The Post Battle Royale Burnout vs. Extraction Shooter Fatigue
Naturally, the most dominant gaming genre of the 90s being shooters (alongside CRPGs and strategy games, of course), the formula had to evolve there too. The 2010s were dominated by the military shooter, made popular by Call of Duty and, to a certain extent, Medal of Honor – what came next?
Battle Royale, of course. Fortnite was a huge hit, and suddenly every multiplayer shooter under the sun either added a BR mode, or was developed as a battle royale game outright – you know, shrinking maps, lots of loot, and the old king of the hill gameplay. The loop was perfect to combine with live service attributes and spawned a lot of copycats, some more, some less popular.

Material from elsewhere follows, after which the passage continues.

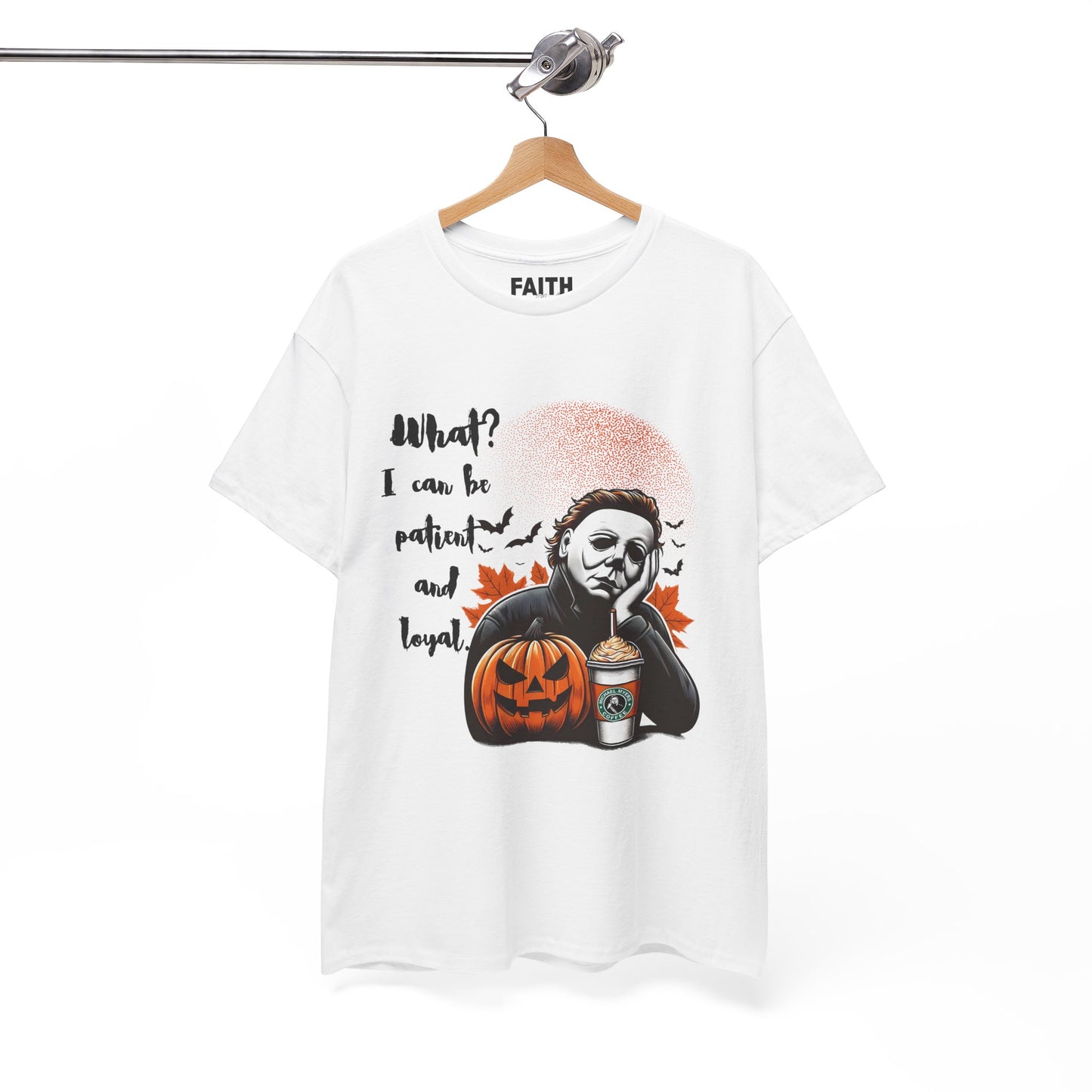 Halloween Graphic Tee, Unisex Cotton T-Shirt, Spooky Autumn Wear, Halloween Costume Top, Funny Horror Shirt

Enter the extraction shooter, we’re now in the year of 2020, and the popularity of Escape from Tarkov shot through the roof. Hunt: Showdown, and more niche games like Dark and Darker twisted the formula and became cult-classics in their own right, but the loop of fighting to make it out alive, while carrying all the valuable loot you could risk losing forever upon death was just as potent as the king of the hill formula.
The tension was the reward, and no match was ever the same – every match felt like a gamble, a tiny story in itself. Guess what happened? Even big hitters like Call of Duty exploited that trend by creating DMZ, and new IPs like The Finals and ARC Raiders took their lessons from the forefathers of the extraction shooter genre, in order to create something unique. Here’s the catch, however: This genre is darn hard to get absolutely right. Risk vs. reward balance and managing player frustrations plus the huge learning curve is a nightmare. See where we’re going with this? Let’s make a prediction or two.
What’s the Next Big Thing in Gaming?
Ironically, the next big genre might not be about gameplay mechanics at all, as much as that used to be the trend – it might just be about community. Games like Helldivers 2, Palworld, and No Man’s Sky have proven that social experiences built around cooperation (or chaos, let’s not forget the chaos) can capture players for months on end, without a unique gameplay loop or live service component to their name. But they also hint at a future where players drive the narrative together in shared worlds, don’t you think?
Think of the insane amount of community driven Minecraft servers, GTA RP, or Sea of Thieves – games where the systems are simple, but the stories come from the people playing them. That digital stage idea, where developers provide the tools and players provide the drama, is becoming increasingly powerful, and we can see why.
We’re already seeing studios like Rockstar, Bethesda, and Hello Games lean into community-driven design. Combine that with improved modding tools and cross-platform accessibility, and we might see the rise of what you could call the Storylike, perhaps? Not a single-player experience per se, not a competitive arena, but a living, evolving narrative built by the crowd. If we had to give the next wave a name, it might even be the Immersivelike – games focused less on killing things and more on existing in worlds that feel reactive, intelligent, and deeply personal.
We’re already seeing hints of it in Starfield’s mod scene, V Rising’s systems, Baldur’s Gate 3’s social storytelling, and Project Zomboid’s survival simulation, if we had to name a few. Because after a decade of grind-heavy, battle-pass-laden live-service noise, players seem ready for something else, and the feeling is palpable. Imagine a game that makes us as a community feel like we belong somewhere again. And maybe that’s what the next “-like” will really be – not a set of mechanics, but a feeling. Maybe it’s wishful thinking, but it sounds good to our ears.